Le dialogue national, s’il est conduit avec courage et transparence, pourrait devenir un tournant majeur de la transition démocratique sénégalaise. Mais s’il est piloté comme une opération de cosmétique institutionnelle ou un outil de légitimation du pouvoir en place, il ne fera que prolonger la crise de confiance qui mine depuis des années le rapport entre gouvernants et gouvernés.

Le Sénégal joue gros : refonder la République ou reproduire les impasses du passé.

Boycott assumé et scepticisme assumé : Thierno Alassane Sall face au ‘’simulacre de dialogue’’

À l’approche du dialogue national sur le système politique prévu le 28 mai 2025, tous les regards se tournent vers les forces politiques invitées à ce moment censé marquer une étape vers la refondation des institutions sénégalaises.

Mais dès l’annonce officielle des termes de référence, une voix dissonante s’est fait entendre : celle de Thierno Alassane Sall et de son parti, la République des valeurs (RDV). Dans un communiqué sec et ferme, la formation politique a décliné l’invitation, dénonçant une entreprise de façade destinée, selon elle, à ‘’entériner un scénario écrit d’avance’’.

Ce boycott n’est pas une simple posture. Il s’inscrit dans une cohérence politique que TAS revendique : celle de la rupture avec les logiques clientélistes, l’opacité décisionnelle et la confiscation de la parole citoyenne. À ses yeux, ce dialogue ne repose sur aucun socle éthique réel. L’ancien ministre de l’Énergie, qui fut aussi l’un des premiers à alerter sur la gouvernance nébuleuse des ressources pétrolières, ne mâche pas ses mots : il parle de ‘’parjure du président’’, de ‘’contrevérités flagrantes’’ et de ‘’simulacre de dialogue’’.

Dans une République où le dialogue a souvent été synonyme de dilution ou de diversion, TAS refuse cette fois de jouer le jeu. Le Pacte de bonne gouvernance démocratique, signé par le président Diomaye Faye lors de la campagne, est, selon lui, le seul cadre légitime. C’est sur cette base que la RDV souhaite discuter : pas dans une arène scénarisée où les dés seraient pipés.

Pour lui, il ne s’agit pas d’un refus de principe, mais d’un refus de compromission.

Dr Cheikh Guèye, une voix modérée dans la tempête politique

La mission du docteur Cheikh Guèye, nommé facilitateur général du dialogue national, s’annonce des plus délicates. Chercheur en politiques publiques, intellectuel respecté, ancien du Codesria et actuel directeur exécutif de l’Ipar, le Dr Guèye n’est pas un inconnu des cercles politiques. Au sein du think tank Ipar, il a souvent plaidé pour une gouvernance fondée sur les données, la participation citoyenne et la transparence institutionnelle.

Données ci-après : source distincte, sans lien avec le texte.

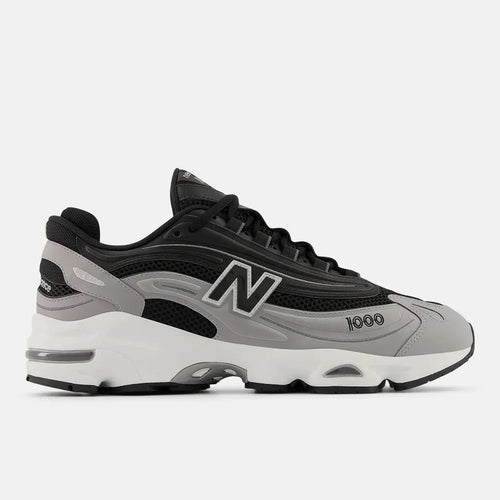 New Balance 1000 Preto Cinza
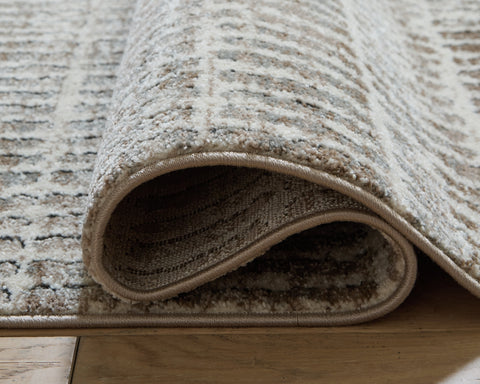 Fuadwick Medium Rug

Sa désignation par le président Diomaye Faye est à la fois un signal d’ouverture et un pari risqué. Le président compte sur son intégrité et son expérience pour bâtir des consensus autour des réformes à venir. L’homme, dans sa première réaction publique, a promis d’adopter une posture d’humilité et d’écoute. ‘’La démarche de co-construction m’invite à une approche inclusive’’, a-t-il déclaré, rappelant que les fondations d’une démocratie durable ne peuvent émerger que d’un processus collectif et sincère.

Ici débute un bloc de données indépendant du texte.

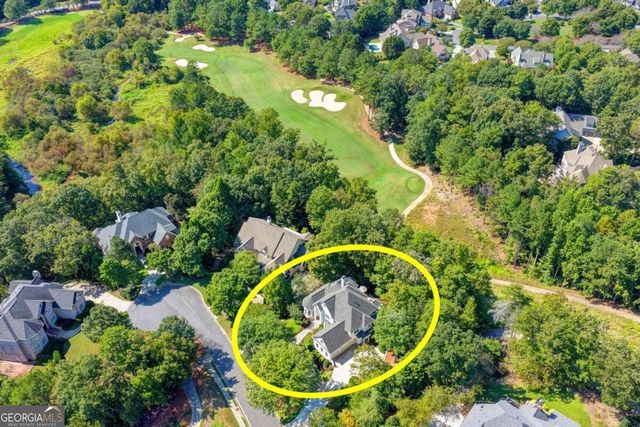 7060 Redcliff Court, Suwanee, GA 30024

Mais entre les lignes, le défi est clair : il lui faudra convaincre les sceptiques, rattraper les voix qui s’éloignent et éviter que le dialogue ne se transforme en monologue. Car c’est bien sur sa capacité à générer l’adhésion, à fédérer au-delà des camps partisans et à désamorcer les crispations, que se jouera la réussite – ou l’échec – de cette séquence politique capitale.